Les tragiques événements que nous connaissons ont créé des réflexes défensifs. Mais le djihadisme sanguinaire et fanatique n’est point l’islam. Des confusions sont vite faites. L’Occident a gardé le souvenir des invasions passées et n’oublie pas que le christianisme fut plusieurs fois menacé. L’islam est mal connu mais vite jugé. Le dialogue avec le monde musulman nécessite une claire prise de conscience des divergences mais aussi des convergences. Les différences doctrinales et dogmatiques (péché originel, Trinité et filiation divine, selon la tradition chrétienne) demeurent importantes. Ont heureusement disparu ces temps où les portes du Salut étaient fermées aux mahométans et à bien d’autres. Une foi qui s’isole dans le seul périmètre de sa religion et qui méprise ce qui lui est extérieur manque à sa vocation d’amour et de paix.
« Le dessein de Salut enveloppe également ceux qui reconnaissent le Créateur, en tout premier lieu les musulmans qui professent avoir la foi d’Abraham, adorent avec nous le Dieu unique, miséricordieux, futur juge des hommes au dernier jour » (Vatican II ; Lumen Gentium, chapitre II, Le peuple de Dieu, ch. 16).

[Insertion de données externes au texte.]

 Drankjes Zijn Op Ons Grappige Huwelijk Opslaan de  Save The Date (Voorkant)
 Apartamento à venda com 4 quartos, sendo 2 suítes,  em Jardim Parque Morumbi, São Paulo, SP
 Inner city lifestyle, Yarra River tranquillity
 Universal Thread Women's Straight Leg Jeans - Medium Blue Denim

Le pape n’a-t-il pas aussi choisi le nom de François pour annoncer qu’il est un partisan actif du dialogue avec l’islam comme le fut saint François rencontrant, à Damiette, en 1219, le sultan d’Egypte Malik al-Kamil (le Parfait) qui rendra Jérusalem aux chrétiens. Tout récemment l’évêque de Rome a décidé d’héberger au Vatican trois familles de réfugiés syriens de confession musulmane.
Au-delà des différences théologiques, Marie (Maryam, en arabe) n’est-elle pas un point de convergence entre chrétiens et musulmans ? Depuis toujours elle est vénérée par ceux-ci. Al-Azraqî, historien de la Mecques du IXème siècle écrit que quand Mohammed ordonna de purifier la Ka’aba des idoles, il protégea de sa main un portrait de Jésus et de Marie.
Appelée Sayyedatena (notre dame), elle est citée à 34 reprises dans le Coran alors qu’elle l’est cinq fois par Matthieu, une par Marc, douze par Luc et une fois par celui-ci dans les actes des Apôtres ; l’Evangile de Jean parle de la « mère de Jésus », sans plus. Elle est la seule femme dont le Coran mentionne le nom. Le texte fondateur de l’islam lui consacre une sourate entière (19) et se montre particulièrement prolixe quant à ses vertus, son élection par Dieu (sourate 3, 35-36), sa fécondation par le Saint-Esprit (sourate 3, 47;19, 20-21). La naissance miraculeuse de Jésus ne survient pas en pleine nuit dans une triste étable de Judée, mais au pied d’un palmier qui a gratifié Marie de dattes fraîches et où coule un ruisseau d’eau désaltérante (sourate 19, 25-26). Elle est avec Jésus « un signe pour les univers » (sourate 21, 91).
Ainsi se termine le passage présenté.